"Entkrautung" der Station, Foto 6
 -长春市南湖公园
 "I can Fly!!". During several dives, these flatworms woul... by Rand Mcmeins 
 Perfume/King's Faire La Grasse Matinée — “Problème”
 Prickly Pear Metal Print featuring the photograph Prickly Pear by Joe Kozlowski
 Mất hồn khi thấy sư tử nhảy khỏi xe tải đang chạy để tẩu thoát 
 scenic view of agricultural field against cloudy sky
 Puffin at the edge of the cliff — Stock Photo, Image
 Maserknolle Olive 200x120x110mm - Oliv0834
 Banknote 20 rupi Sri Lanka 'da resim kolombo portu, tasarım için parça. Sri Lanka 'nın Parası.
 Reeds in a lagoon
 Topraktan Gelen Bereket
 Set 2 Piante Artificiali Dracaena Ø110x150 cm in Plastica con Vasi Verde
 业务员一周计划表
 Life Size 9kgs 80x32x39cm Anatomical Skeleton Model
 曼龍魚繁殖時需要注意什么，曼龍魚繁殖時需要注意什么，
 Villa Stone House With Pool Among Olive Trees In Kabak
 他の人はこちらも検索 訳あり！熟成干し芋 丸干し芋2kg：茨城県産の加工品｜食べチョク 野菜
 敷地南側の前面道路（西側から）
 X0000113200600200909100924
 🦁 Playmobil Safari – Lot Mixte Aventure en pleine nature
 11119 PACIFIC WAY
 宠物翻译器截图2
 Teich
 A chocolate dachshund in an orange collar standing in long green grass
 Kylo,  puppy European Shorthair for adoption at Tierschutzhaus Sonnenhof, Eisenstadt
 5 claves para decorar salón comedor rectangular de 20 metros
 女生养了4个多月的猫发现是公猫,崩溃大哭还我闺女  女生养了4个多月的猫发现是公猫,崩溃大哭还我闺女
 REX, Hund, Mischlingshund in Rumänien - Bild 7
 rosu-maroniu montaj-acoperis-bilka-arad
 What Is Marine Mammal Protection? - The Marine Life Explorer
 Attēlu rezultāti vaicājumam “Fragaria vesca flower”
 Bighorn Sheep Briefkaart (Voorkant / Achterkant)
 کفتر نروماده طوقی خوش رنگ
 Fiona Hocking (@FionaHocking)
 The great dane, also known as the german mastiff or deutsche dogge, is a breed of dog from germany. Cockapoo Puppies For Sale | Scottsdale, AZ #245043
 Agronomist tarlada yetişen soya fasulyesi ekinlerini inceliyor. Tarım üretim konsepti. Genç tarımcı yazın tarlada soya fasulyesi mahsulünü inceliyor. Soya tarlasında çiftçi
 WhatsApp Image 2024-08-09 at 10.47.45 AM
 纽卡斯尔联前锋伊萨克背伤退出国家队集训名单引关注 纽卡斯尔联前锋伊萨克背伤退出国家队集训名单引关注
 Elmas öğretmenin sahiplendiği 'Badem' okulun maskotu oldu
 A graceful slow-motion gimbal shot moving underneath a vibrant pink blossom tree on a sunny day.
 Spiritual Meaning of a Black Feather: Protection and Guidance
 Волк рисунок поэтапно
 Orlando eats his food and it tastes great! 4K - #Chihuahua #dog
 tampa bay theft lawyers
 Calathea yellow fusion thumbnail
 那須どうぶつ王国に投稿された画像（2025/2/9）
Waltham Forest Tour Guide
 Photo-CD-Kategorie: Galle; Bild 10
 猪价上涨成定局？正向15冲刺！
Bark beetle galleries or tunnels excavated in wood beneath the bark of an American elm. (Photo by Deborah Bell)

* * *

● WORK TO COMPLETE: Please write out, exactly as they appear above, only the lines in the stretch from the line with "Attēlu rezultāti vaicājumam" through the line with "Fiona Hocking (@FionaHocking)".

● RESPONSE FOR THIS EXERCISE:
 Attēlu rezultāti vaicājumam “Fragaria vesca flower”
 Bighorn Sheep Briefkaart (Voorkant / Achterkant)
 کفتر نروماده طوقی خوش رنگ
 Fiona Hocking (@FionaHocking)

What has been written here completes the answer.